We could go to both doing partialPivLu, or we could go to partialPivLu on determinant and colPivHouseholderQR on log_determinant and just add a note in the dots that log_determinant will be a bit more stable. Or I guess by that fast/slow logic we'd just stick with full pivoting for log_determinant.

SteveBronder commented 4 years ago

Sorry for my delay, calling matrix.deteminant() calls matrix.partialPivLu().determinant()

https://gitlab.com/libeigen/eigen/-/blob/master/Eigen/src/LU/Determinant.h#L26

SteveBronder commented 4 years ago

The Derived type there will be the matrix type, which is then called at the bottom like

template<typename Derived>
inline typename internal::traits<Derived>::Scalar MatrixBase<Derived>::determinant() const
{
  eigen_assert(rows() == cols());
  typedef typename internal::nested_eval<Derived,Base::RowsAtCompileTime>::type Nested;
  return internal::determinant_impl<typename internal::remove_all<Nested>::type>::run(derived());
}
bbbales2 commented 4 years ago

Nice thanks!

@bgoodri alright I just switched determinant to partialPivLu and log_determinant can stay with fullPivHouseholderQr. I'll add a note to the docs that determinant is faster and uses a partial pivoting LU and log_determinant is more stable and uses a fully pivoted householder QR, or whatever the nomenclature is for that.

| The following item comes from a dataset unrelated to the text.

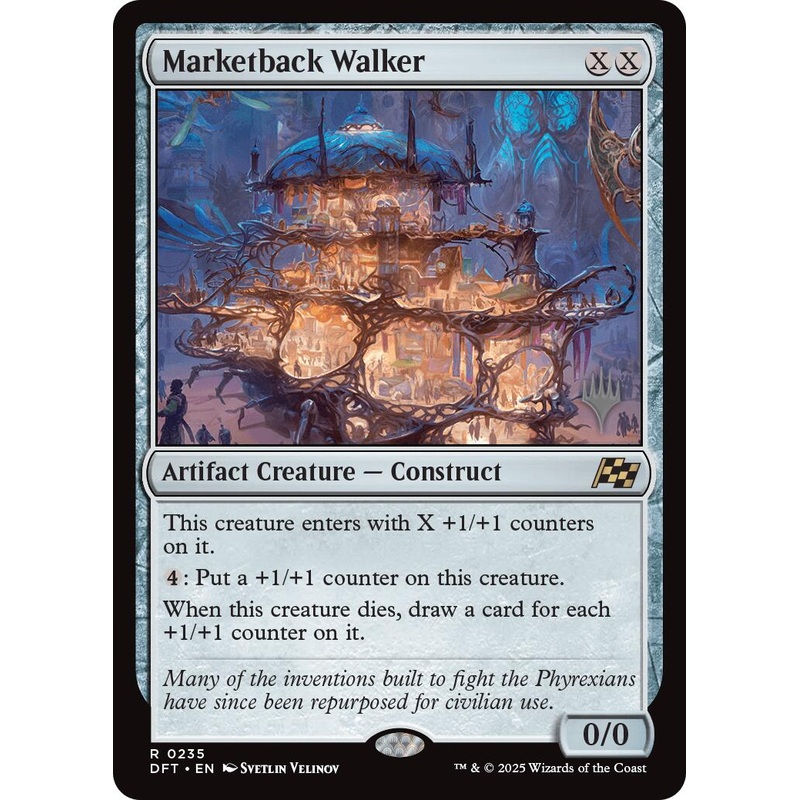 Marketback Walker (Promo Pack) [Aetherdrift Promos]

bgoodri commented 4 years ago

I think using colPivHouseholderQR in log_determinant() would be fine too. In the region where fullPivHouseholderQR is more accurate than colPivHouseholderQR, I suspect the gradient is not accurate in either case.

On Mon, Oct 5, 2020 at 5:44 PM Ben Bales notifications@github.com wrote:

Nice thanks!

@bgoodri https://github.com/bgoodri alright I just switched determinant to partialPivLu and log_determinant can stay with fullPivHouseholderQr. I'll add a note to the docs that determinant is faster and uses a partial pivoting LU and log_determinant is more stable and uses a fully pivoted householder QR, or whatever the nomenclature is for that.

— You are receiving this because you were mentioned. Reply to this email directly, view it on GitHub https://github.com/stan-dev/math/issues/2120#issuecomment-703905956, or unsubscribe https://github.com/notifications/unsubscribe-auth/AAZ2XKUWU5MMMURWSU3YHOLSJI445ANCNFSM4SA3VTMA .

bbbales2 commented 4 years ago

Cool! I swapped log_determinant to colPivHouseholderQr.